Showing 3 changed files with 47 additions and 5 deletions.
diff --git a/fastparquet/api.py b/fastparquet/api.py
@@ -33,7 +33,9 @@ class ParquetFile(object):
     fn: path/URL string or list of paths
         Location of the data. If a directory, will attempt to read a file
         "_metadata" within that directory. If a list of paths, will assume
-        that they make up a single parquet data set.
+        that they make up a single parquet data set.
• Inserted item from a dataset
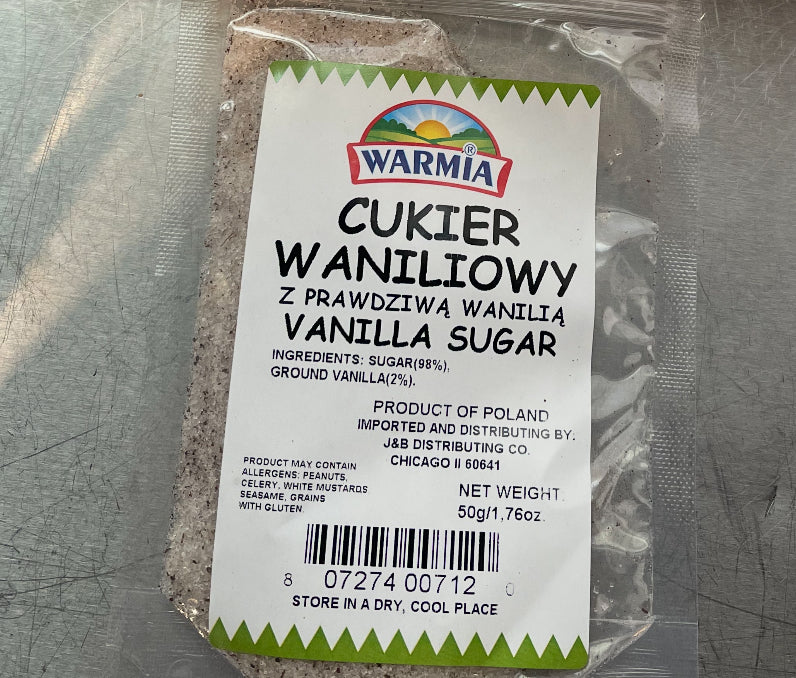 Package of Warma Vanilla Sugar with label on a metallic surface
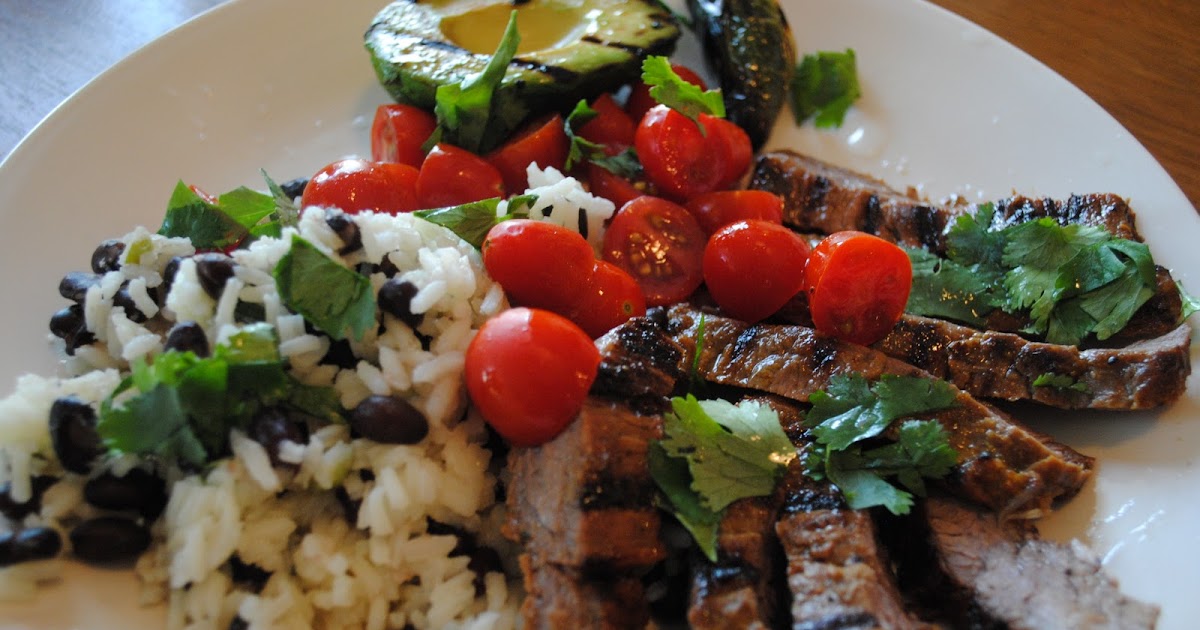 Dairy Free "Tried and True" Sliced Skirt Steaks with Rice and Beans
This parameter can also
+        be any file-like object, in which case this must be a single-file
+        dataset.
     verify: bool [False]
         test file start/end byte markers
     open_with: function
@@ -87,6 +89,14 @@ def __init__(self, fn, verify=False, open_with=default_open,
                 self.fn = '_metadata'
             self.fmd = fmd
             self._set_attrs()
+        elif hasattr(fn, 'read'):
+            # file-like
+            self._parse_header(fn, verify)
+            if self.file_scheme not in ['simple', 'empty']:
+                raise ValueError('Cannot use file-like input '
+                                 'with multi-file data')
+            open_with = lambda *args, **kwargs: fn
+            self.fn = None
         else:
             try:
                 fn2 = join_path(fn, '_metadata')

diff --git a/fastparquet/compression.py b/fastparquet/compression.py
@@ -74,18 +74,32 @@ def lz4_decompress(data, uncompressed_size):
 except ImportError:
     pass
 try:
-    import zstd
+    import zstandard
     def zstd_compress(data, **kwargs):
         kwargs['write_content_size'] = False
-        cctx = zstd.ZstdCompressor(**kwargs)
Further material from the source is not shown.